There are three new eighth grade teachers this year. Including David, there is Marissa and Jordan. Then there is Kathy, who has been at the school for two years. They are all trying to figure out what is going on with Steve Harrington.
The man is a complete mystery.
He’s a walking contradiction in a math pun sweatshirt and he is often the topic of conversation when the four of them are alone in the breakroom. Jordan describes him as ‘onion-like’ because he has many layers and Marissa always replies with, ‘yeah, a fucked up alien onion where each new layer is weirder than the last.’
It’s a bit cruel but also, they found an article about Starcourt Mall.
Who is just in a fire? Who saves a bunch of children from a structure fire that collapsed on top of them and doesn’t make it their whole personality for the rest of forever? Who just never mentions it ever?
Steve Harrington, apparently.
After David (and Kathy) left Steve’s house more confused about the mild-mannered math teacher than ever, he went home and googled ‘Eddie Harrington.’ All he found was a link to a Facebook page for some dentist.

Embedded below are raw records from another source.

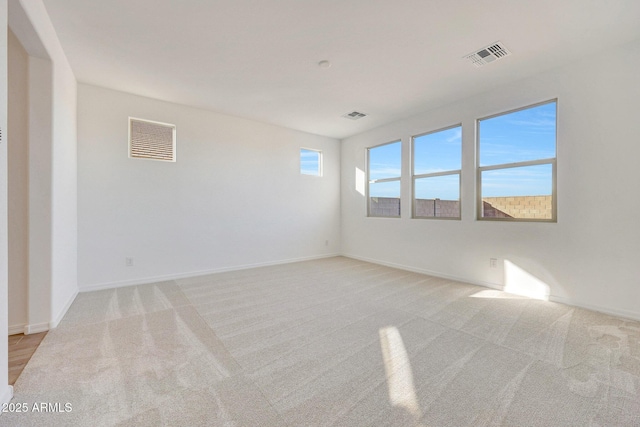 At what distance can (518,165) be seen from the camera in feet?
11.0

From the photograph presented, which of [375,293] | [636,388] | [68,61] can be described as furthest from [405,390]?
[68,61]

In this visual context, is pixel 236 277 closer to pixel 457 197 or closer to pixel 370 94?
pixel 370 94

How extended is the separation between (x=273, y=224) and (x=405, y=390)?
3.92 meters

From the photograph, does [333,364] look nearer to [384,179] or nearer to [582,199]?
[582,199]

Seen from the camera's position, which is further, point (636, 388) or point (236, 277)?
point (236, 277)

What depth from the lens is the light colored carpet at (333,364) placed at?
137cm

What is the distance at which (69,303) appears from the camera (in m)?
2.89

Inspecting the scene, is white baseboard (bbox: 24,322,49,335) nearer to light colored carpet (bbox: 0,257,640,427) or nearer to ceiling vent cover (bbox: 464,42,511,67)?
light colored carpet (bbox: 0,257,640,427)

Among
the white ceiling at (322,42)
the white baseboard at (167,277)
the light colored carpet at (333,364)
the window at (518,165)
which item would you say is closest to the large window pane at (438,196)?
the window at (518,165)

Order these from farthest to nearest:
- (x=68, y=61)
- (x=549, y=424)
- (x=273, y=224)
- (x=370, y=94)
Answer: (x=273, y=224) → (x=370, y=94) → (x=68, y=61) → (x=549, y=424)

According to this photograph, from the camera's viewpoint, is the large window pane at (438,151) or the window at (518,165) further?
the large window pane at (438,151)

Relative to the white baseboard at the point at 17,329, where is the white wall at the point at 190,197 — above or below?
above

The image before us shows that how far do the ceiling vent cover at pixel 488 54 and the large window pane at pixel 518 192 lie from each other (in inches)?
57.0

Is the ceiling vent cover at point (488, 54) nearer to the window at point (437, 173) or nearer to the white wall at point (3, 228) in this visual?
the window at point (437, 173) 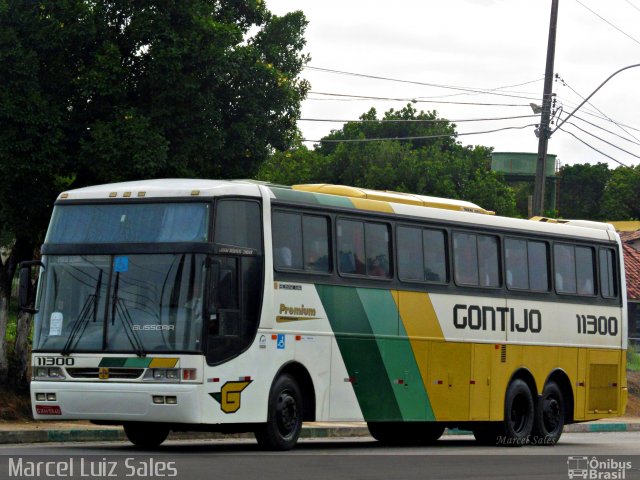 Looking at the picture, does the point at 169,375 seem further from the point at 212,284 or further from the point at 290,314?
the point at 290,314

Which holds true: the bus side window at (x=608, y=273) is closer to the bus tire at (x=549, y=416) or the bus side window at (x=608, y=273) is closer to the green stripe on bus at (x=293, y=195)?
the bus tire at (x=549, y=416)

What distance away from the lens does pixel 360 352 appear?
758 inches

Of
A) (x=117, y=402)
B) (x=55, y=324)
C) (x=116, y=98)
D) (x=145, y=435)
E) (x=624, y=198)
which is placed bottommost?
(x=145, y=435)

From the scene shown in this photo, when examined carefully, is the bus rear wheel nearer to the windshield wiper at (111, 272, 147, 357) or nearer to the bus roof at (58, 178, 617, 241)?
the bus roof at (58, 178, 617, 241)

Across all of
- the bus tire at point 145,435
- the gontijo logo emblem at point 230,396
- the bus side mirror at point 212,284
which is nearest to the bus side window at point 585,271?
A: the bus tire at point 145,435

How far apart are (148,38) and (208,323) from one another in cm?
682

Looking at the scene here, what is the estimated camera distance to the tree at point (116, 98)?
21266 millimetres

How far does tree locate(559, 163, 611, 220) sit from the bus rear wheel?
80.2 meters

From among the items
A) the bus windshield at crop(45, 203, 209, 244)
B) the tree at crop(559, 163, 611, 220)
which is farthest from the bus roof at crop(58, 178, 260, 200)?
the tree at crop(559, 163, 611, 220)

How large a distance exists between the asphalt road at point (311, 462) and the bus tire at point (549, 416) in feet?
5.32

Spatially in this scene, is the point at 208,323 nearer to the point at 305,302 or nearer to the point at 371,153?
the point at 305,302

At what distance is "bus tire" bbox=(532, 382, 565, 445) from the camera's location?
2308cm

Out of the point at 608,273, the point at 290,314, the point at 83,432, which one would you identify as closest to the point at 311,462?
the point at 290,314

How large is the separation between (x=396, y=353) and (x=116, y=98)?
20.1 ft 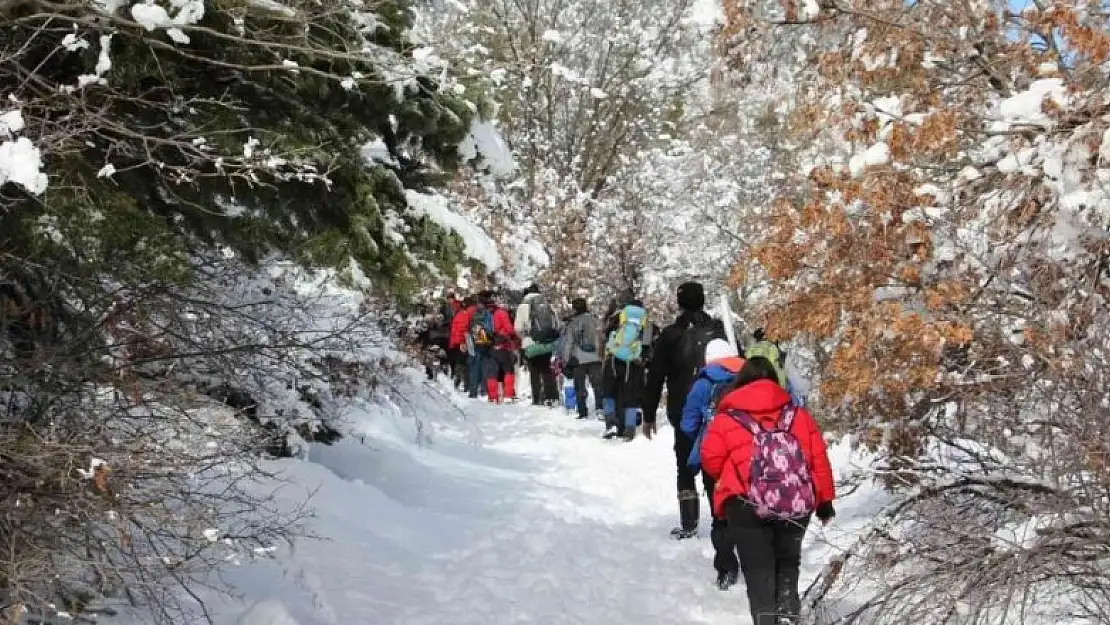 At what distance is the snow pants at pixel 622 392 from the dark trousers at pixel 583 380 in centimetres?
110

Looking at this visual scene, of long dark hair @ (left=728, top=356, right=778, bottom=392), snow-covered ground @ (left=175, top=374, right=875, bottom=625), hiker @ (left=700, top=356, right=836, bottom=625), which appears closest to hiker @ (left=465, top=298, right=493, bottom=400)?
snow-covered ground @ (left=175, top=374, right=875, bottom=625)

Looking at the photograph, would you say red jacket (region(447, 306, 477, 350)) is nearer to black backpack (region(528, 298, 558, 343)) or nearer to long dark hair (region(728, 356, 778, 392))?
black backpack (region(528, 298, 558, 343))

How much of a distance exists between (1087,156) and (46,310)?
4.27 m

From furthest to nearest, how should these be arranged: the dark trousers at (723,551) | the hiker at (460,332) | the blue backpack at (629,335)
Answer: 1. the hiker at (460,332)
2. the blue backpack at (629,335)
3. the dark trousers at (723,551)

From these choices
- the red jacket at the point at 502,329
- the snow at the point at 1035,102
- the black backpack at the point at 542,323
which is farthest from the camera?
the red jacket at the point at 502,329

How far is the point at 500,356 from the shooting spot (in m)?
18.5

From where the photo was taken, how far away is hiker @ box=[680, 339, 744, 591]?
6578mm

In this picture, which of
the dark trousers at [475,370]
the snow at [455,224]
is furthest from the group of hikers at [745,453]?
the dark trousers at [475,370]

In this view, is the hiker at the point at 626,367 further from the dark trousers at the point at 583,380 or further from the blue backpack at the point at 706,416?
the blue backpack at the point at 706,416

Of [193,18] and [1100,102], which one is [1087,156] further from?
[193,18]

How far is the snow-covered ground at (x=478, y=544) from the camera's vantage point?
19.9 feet

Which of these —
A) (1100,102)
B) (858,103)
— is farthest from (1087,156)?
(858,103)

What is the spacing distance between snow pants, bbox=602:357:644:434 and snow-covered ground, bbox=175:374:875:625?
2.80 ft

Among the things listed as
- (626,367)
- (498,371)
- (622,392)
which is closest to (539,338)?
(498,371) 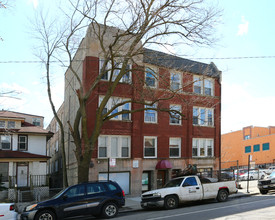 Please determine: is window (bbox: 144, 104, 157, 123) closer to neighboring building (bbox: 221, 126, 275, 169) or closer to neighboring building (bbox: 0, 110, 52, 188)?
neighboring building (bbox: 0, 110, 52, 188)

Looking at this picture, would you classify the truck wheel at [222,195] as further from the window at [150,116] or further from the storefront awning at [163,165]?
the window at [150,116]

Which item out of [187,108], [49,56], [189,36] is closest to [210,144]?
[187,108]

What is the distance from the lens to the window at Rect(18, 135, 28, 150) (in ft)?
95.5

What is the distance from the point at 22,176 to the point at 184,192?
16.7 meters

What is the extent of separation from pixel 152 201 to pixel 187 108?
43.9 ft

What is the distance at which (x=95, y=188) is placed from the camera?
48.1 feet

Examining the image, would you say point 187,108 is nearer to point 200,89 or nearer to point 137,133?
point 200,89

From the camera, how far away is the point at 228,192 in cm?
1858

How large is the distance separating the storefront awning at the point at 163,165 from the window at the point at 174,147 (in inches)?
56.1

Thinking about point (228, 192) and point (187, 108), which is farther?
point (187, 108)

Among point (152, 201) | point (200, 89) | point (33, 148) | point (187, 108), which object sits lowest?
point (152, 201)

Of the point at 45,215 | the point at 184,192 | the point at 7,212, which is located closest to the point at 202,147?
the point at 184,192

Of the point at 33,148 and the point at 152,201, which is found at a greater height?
the point at 33,148

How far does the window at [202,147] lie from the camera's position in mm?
29375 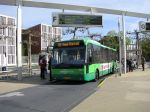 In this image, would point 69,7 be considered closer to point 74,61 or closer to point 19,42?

So, like, who the hell is he even married to, right? The guy has a Grammy but not a Wikipedia page? What’s up with that?
All David knows is that when Anita (the teacher that’s probably closest to Steve) invites everybody over for a cookout and says that your partners are more than welcomed, he’s going. When Steve asks if it’d be okay if Erica stopped by on her way to the airport and Anita said yes, he’s definitely going.
He is not going to miss the opportunity to see the kid that gave her dad psychic damage by introducing him to the fucked up parts of the My Little Pony fandom. No way.
Kathy informs everybody that she will NOT be bringing her husband, but she will bring booze.
David arrives too early and ends up helping in the kitchen. He’s slicing up tomatoes with the world’s dullest knife when Steve gets there. He can’t see the front door, but he can hear Anita ask, “Oh, where’s your service doggie?”
“It’s his day off,” He hears Steve joke, “Brought the human instead.”
And then David hears the man of mystery’s man of mystery himself because Eddie says with 100% impulsive thinking and 0% brain-to-mouth filter, “Yeah, he brought his service top instead.”
David just knows that Steve is giving Eddie the same dead-eyed look of unbelievable that is reserved for students that mix their chocolate milk with peas and dare each other to drink it in the silence that follows. Anita, bless her heart, replies as happy and clueless as can be, “Oh, that’s cute. Because you provide a top-notch service.”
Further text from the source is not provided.